Before beginning to formulate new models, the data scientists considered a number of important exploratory questions.

  1. Which attributes are most predictive of sales price?
  2. Is the data uniformly distributed?
  3. Do all neighborhoods have up-to-date data? Do all neighborhoods have the same granularity?
  4. Do some neighborhoods have missing or outdated data?

They found that the impact of certain features, such as the number of bedrooms in a home, were much more impactful in determining house value for properties in certain neighborhoods than they were in other neighborhoods. This suggested that different models should be applied for different neighborhoods.

They also noticed that low income neighborhoods had data with disproportionately many missing values. This informed them that they needed to develop new data collection practices – including finding new sources of data.

14.2.4 Prediction and Inference

  • What does the data say about the world?
  • Does it answer our questions or accurately solve the problem?
  • How robust are our conclusions and can we trust the predictions?

Rather than using a singular model to predict the sale prices (“fair market value”) of unsold properties, the CCAO fit machine learning models that discover patterns using known sale prices and characteristics of similar and nearby properties. It uses different model weights for each township.

Compared to traditional mass appraisal, the CCAO’s new approach is more granular and more sensitive to neighborhood variations.

You can explore the CCAO dataset and models for yourself via their GitLab.

14.2.5 Reports Decisions, and Conclusions

  • How successful is the system for each goal?
    • Was the new approach able to achieve accuracy/uniformity of the model?
    • Has this system instituted fairness and transparency that eliminates regressivity and engenders trust?
  • How do you know?

The model is not the end of the road. The new Office of Data Science still sends homeowners their house evaluations, but now the data that they get sent back from the homeowners is taken into account when refining the model. More detailed reports are being written by the office itself to democratize the information. Town halls and other public facing outreach help to ensure that the whole community is involved in the process of housing evaluations, rather than limiting participation to a select few.

14.3 Key Takeaways

  1. Accuracy is a necessary, but not sufficient, condition of a fair system.

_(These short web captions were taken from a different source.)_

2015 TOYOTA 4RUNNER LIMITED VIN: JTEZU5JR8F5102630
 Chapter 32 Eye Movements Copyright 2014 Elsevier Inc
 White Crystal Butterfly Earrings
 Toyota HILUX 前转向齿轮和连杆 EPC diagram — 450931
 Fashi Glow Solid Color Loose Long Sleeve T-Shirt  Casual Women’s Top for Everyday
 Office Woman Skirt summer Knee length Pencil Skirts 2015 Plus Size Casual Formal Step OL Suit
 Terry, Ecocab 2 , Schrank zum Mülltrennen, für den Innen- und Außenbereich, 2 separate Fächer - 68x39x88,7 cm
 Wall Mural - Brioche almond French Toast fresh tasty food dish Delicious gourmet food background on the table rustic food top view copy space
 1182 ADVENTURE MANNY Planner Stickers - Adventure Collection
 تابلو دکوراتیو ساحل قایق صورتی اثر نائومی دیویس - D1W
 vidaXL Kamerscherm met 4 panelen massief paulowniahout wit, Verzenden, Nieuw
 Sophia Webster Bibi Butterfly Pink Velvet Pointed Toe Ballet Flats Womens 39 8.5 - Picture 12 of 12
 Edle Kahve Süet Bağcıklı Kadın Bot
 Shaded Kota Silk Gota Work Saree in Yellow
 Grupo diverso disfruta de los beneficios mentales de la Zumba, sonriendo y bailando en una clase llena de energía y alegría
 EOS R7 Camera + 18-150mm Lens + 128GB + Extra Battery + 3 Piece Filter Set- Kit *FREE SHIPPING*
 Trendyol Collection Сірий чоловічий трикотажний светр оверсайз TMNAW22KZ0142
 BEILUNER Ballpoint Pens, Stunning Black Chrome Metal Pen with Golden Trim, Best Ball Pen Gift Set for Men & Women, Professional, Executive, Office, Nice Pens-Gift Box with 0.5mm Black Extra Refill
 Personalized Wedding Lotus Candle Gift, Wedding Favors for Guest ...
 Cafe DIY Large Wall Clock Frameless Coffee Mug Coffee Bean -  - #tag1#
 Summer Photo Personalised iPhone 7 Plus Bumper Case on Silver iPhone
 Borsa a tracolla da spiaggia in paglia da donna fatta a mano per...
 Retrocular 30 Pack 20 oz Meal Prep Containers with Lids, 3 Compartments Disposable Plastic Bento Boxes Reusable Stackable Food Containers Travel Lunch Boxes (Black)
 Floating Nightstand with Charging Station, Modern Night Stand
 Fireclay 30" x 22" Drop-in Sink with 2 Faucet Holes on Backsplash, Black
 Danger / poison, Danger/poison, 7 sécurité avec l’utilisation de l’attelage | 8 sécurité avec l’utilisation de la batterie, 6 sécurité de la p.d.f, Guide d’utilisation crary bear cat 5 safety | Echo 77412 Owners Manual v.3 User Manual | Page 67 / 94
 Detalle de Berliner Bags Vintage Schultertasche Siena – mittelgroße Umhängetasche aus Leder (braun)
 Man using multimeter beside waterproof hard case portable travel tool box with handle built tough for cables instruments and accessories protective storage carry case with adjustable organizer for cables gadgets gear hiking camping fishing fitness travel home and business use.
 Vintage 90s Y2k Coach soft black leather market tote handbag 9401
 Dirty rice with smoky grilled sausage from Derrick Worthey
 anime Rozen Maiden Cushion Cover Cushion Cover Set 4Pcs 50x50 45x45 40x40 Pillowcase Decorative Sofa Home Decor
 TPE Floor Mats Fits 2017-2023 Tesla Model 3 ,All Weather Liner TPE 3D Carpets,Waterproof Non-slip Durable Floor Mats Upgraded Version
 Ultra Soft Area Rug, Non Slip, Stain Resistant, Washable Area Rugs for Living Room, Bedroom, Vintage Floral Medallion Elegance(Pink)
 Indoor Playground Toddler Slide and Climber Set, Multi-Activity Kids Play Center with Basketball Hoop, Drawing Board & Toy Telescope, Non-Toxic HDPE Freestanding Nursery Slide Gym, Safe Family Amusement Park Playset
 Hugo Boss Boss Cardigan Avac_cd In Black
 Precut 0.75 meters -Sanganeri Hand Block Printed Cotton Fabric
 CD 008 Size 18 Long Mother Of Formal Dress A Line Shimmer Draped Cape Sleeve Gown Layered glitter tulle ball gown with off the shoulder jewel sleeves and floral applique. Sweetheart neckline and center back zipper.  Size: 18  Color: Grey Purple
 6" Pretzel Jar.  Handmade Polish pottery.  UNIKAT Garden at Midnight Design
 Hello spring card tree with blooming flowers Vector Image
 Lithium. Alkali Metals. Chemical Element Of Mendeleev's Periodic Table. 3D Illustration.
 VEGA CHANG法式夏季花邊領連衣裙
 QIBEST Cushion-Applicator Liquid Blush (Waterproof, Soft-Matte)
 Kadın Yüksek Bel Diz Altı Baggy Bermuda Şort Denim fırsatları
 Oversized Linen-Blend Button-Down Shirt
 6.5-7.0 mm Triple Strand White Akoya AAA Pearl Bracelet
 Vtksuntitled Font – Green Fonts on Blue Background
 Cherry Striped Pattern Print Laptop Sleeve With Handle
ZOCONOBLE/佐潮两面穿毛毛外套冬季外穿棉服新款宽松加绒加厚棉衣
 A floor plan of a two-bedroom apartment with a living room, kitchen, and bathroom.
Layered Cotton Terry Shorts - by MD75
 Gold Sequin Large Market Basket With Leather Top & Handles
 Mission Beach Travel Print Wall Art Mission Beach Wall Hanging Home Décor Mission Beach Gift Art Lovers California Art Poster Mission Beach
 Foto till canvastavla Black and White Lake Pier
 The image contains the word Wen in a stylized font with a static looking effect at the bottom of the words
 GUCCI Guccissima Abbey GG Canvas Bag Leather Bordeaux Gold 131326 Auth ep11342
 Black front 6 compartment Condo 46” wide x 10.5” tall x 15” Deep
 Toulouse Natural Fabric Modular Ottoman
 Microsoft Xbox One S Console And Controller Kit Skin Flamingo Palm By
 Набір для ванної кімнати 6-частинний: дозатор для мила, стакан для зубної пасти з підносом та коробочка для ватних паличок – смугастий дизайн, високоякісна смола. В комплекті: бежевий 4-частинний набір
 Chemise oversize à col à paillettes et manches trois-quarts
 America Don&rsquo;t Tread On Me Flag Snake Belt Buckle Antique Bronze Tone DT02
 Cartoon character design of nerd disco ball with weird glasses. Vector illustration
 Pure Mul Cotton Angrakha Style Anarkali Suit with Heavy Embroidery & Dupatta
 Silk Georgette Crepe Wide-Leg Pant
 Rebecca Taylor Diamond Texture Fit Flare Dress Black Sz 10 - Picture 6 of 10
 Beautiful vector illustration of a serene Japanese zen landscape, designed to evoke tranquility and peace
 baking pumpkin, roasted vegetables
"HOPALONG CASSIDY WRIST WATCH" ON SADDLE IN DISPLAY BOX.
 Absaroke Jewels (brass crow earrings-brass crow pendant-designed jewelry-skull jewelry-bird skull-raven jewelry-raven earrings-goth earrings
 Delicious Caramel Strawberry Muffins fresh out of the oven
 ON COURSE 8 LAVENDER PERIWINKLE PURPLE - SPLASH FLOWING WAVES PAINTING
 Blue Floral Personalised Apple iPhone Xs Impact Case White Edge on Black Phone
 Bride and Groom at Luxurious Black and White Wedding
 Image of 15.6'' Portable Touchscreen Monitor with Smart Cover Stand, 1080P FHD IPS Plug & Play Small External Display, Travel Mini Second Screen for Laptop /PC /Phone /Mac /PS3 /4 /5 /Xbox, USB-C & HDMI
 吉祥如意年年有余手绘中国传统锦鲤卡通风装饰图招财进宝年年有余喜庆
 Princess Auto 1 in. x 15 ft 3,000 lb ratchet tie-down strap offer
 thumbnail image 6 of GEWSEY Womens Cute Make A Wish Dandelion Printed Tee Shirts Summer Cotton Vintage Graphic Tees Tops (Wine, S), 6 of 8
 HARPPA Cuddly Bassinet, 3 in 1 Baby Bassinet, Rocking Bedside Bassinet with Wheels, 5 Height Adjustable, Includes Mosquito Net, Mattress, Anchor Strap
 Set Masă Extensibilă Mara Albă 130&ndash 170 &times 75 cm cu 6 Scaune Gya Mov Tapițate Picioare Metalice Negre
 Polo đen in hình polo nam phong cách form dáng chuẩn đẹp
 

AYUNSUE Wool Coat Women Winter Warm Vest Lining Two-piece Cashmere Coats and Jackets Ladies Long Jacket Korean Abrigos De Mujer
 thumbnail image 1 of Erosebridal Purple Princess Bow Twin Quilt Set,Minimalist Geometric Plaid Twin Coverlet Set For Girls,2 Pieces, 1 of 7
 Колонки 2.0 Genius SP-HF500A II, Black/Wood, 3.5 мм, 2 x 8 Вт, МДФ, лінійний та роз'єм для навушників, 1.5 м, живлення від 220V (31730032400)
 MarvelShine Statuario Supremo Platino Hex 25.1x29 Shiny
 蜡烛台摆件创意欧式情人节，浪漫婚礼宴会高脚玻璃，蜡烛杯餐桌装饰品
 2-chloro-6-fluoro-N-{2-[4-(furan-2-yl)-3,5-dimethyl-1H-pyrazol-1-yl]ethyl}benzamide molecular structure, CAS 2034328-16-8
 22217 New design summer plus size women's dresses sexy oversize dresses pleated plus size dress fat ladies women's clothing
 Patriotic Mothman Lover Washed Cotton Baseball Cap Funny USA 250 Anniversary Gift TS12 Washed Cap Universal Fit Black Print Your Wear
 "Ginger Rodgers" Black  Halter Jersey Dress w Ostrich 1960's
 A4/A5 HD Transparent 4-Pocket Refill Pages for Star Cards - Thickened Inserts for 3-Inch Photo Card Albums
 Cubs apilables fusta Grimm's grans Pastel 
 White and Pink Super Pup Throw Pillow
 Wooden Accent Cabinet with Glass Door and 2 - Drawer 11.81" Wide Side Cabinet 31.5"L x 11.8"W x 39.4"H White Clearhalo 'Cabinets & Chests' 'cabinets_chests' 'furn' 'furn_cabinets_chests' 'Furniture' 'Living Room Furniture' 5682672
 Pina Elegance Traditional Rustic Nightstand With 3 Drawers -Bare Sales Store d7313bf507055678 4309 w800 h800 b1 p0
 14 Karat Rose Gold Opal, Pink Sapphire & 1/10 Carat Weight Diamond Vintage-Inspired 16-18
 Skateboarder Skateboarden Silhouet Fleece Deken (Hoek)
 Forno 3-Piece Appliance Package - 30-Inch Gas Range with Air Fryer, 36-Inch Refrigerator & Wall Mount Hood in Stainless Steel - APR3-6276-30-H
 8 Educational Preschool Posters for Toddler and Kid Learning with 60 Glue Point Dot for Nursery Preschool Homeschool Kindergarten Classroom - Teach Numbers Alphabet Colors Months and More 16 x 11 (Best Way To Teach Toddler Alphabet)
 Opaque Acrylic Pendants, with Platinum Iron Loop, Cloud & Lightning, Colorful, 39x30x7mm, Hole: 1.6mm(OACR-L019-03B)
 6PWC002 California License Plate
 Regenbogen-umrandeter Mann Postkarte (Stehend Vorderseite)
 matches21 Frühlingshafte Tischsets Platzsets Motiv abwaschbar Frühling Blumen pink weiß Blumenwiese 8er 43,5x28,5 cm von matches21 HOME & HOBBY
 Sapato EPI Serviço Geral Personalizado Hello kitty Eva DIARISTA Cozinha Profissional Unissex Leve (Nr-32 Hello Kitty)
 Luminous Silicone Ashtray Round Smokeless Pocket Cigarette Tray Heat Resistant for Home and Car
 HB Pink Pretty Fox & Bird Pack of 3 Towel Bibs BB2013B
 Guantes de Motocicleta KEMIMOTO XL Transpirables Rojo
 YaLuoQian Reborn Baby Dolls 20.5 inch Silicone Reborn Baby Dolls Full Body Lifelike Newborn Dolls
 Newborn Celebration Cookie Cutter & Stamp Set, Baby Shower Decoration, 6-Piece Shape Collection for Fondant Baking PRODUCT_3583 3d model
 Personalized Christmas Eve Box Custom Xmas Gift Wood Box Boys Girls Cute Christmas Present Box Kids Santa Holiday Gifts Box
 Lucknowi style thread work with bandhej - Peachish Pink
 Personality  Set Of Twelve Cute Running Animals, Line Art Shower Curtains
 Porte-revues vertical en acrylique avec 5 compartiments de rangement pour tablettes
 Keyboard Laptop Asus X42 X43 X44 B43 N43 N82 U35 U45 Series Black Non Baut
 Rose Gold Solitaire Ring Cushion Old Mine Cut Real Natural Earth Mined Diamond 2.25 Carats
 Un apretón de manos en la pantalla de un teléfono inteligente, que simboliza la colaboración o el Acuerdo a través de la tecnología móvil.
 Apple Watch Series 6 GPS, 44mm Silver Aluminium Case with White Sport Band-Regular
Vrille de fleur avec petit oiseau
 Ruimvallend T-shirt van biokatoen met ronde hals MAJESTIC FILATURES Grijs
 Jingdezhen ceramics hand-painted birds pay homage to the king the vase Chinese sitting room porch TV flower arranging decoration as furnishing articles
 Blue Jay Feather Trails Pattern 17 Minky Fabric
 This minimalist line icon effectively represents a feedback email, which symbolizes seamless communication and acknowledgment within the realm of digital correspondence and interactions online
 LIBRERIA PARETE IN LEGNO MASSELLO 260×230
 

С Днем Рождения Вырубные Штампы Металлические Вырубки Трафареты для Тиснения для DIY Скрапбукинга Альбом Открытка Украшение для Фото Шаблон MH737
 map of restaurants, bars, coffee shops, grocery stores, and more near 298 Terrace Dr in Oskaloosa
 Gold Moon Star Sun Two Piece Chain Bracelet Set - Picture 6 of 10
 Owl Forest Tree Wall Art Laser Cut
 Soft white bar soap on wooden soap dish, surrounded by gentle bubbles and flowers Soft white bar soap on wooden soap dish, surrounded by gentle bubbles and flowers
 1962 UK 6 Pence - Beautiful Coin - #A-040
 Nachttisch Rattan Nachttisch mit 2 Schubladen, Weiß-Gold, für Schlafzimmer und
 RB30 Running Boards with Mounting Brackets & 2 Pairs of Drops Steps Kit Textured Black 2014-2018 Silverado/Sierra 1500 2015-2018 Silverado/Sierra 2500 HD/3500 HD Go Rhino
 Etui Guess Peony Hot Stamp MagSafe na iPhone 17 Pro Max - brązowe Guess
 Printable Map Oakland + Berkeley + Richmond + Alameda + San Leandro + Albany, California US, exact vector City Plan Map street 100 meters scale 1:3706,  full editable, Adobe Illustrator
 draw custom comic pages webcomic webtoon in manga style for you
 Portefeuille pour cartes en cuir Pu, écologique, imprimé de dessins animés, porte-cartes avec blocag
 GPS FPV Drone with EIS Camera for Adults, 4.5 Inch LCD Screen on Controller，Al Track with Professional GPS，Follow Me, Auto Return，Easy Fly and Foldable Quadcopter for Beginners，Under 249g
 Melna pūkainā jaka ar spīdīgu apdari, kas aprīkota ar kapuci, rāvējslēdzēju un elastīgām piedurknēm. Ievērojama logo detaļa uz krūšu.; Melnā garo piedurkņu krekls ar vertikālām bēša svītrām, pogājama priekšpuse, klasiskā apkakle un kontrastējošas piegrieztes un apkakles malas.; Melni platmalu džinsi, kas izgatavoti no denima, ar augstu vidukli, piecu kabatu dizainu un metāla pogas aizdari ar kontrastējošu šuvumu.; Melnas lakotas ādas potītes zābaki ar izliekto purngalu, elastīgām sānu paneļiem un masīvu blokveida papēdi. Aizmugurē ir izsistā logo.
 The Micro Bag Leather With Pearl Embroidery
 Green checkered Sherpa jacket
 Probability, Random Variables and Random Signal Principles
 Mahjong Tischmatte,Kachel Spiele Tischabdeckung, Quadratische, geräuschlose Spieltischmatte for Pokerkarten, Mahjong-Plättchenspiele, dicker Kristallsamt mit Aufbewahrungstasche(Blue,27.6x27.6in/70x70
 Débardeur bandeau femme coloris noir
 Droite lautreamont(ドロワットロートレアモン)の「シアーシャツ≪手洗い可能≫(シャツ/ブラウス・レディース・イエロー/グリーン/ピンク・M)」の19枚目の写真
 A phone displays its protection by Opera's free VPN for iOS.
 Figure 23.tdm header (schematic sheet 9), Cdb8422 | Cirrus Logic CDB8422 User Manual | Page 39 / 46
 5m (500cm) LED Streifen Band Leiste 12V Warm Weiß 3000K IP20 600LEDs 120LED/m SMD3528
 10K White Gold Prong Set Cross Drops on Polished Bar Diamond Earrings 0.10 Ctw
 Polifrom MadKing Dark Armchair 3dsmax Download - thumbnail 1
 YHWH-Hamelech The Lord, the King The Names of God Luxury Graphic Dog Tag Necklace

  2. Fairness and transparency are context-dependent and sociotechnical concepts

  3. Learn to work with contexts, and consider how your data analysis will reshape them

  4. Keep in mind the power, and limits, of data analysis

14.4 Lessons for Data Science Practice

  1. Question/Problem formulation

    • Who is responsible for framing the problem?
    • Who are the stakeholders? How are they involved in the problem framing?
    • What do you bring to the table? How does your positionality affect your understanding of the problem?
    • What are the narratives that you’re tapping into?
  2. Data Acquisition and Cleaning

    • Where does the data come from?
    • Who collected it? For what purpose?
    • What kinds of collecting and recording systems and techniques were used?
    • How has this data been used in the past?
    • What restrictions are there on access to the data, and what enables you to have access?
  3. Exploratory Data Analysis & Visualization

    • What kind of personal or group identities have become salient in this data?
    • Which variables became salient, and what kinds of relationship obtain between them?
    • Do any of the relationships made visible lend themselves to arguments that might be potentially harmful to a particular community?
  4. Prediction and Inference

    • What does the prediction or inference do in the world?
    • Are the results useful for the intended purposes?
    • Are there benchmarks to compare the results?
    • How are your predictions and inferences dependent upon the larger system in which your model works?
  5. Reports, Decisions, and Solutions

    • How do we know if we have accomplished our goals?
    • How does your work fit in the broader literature?
    • Where does your work agree or disagree with the status quo?
    • Do your conclusions make sense?